Lesson 4: recognise the power of simple, practical tools
Sometimes, the most powerful role you can play in catalysing systems change is to help others around you to take on your cause. When you are working in a partnership on a multi-faceted issue, it can be difficult to bring new people along without them feeling totally overwhelmed. As someone who thrives in complexity, I have been surprised by how much impact we can have if we distil the collective wisdom of a complex partnership into simple tools – like checklists, infographics and ‘how to’ guides – and then encourage new actors to use them. I have seen incredible progress when, for example, a harried government official has been able to cut-and-paste from a reliable factsheet to convince their minister to take action.

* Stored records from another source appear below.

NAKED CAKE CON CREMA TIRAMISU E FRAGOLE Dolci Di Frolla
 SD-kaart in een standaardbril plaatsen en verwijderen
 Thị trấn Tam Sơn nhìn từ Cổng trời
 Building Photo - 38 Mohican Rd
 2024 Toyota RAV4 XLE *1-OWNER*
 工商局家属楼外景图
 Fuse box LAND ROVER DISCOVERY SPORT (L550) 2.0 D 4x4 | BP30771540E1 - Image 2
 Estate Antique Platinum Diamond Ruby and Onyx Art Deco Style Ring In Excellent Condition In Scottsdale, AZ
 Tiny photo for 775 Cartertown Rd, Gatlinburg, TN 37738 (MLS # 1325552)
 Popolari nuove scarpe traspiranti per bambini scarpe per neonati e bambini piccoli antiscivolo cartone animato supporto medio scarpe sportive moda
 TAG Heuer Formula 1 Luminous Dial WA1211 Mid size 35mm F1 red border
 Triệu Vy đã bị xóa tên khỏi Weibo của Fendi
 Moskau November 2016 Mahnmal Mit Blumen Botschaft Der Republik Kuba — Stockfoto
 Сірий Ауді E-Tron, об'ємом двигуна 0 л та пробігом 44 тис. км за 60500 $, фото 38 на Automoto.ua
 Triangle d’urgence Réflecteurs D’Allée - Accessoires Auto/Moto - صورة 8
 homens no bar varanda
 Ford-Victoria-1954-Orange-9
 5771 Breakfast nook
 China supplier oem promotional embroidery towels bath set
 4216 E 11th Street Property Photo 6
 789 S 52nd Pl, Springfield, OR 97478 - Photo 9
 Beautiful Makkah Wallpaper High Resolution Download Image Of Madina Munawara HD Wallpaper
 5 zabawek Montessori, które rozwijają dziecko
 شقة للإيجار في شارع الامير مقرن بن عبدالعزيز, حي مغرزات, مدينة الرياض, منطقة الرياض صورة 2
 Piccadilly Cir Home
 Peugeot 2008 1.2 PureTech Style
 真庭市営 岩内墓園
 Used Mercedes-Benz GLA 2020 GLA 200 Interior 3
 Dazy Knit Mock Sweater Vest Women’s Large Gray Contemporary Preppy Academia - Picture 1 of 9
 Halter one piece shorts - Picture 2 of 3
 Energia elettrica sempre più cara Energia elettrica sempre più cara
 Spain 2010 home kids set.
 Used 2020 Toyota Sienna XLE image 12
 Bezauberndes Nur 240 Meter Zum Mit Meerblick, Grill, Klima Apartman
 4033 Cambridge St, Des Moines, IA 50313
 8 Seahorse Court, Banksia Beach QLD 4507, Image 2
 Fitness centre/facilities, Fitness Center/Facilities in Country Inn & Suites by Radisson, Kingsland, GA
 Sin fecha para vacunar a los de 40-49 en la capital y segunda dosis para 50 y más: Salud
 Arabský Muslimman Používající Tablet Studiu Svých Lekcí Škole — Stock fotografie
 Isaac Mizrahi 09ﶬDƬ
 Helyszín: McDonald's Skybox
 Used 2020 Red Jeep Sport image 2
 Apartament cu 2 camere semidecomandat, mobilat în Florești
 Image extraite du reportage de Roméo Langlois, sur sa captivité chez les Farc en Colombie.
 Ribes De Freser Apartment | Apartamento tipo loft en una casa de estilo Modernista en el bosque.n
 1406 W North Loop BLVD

Lesson 5: be mindful of who gets credit and whose voice is heard
We live in a world with gross power imbalances, and it is easy for trans-national partnerships to reinforce these. Since systems change can seem abstract, there’s a real need for human stories to bring such change to life, and often a thirst for symbolic figureheads. However, one manifestation of power imbalances is around whose stories get told and celebrated, and who gets ‘credit’ for the success of the partnership. This is unfair, harmful and, ultimately, counterproductive. You cannot sustain a global partnership aiming to change the world if people don’t feel that they are valued and that their contributions are recognised. For a diverse partnership to continue to grow and thrive, especially over the long term, it is therefore particularly important to proactively lift up and celebrate the partners whose work is essential, but whose voices and stories may not normally make the headlines.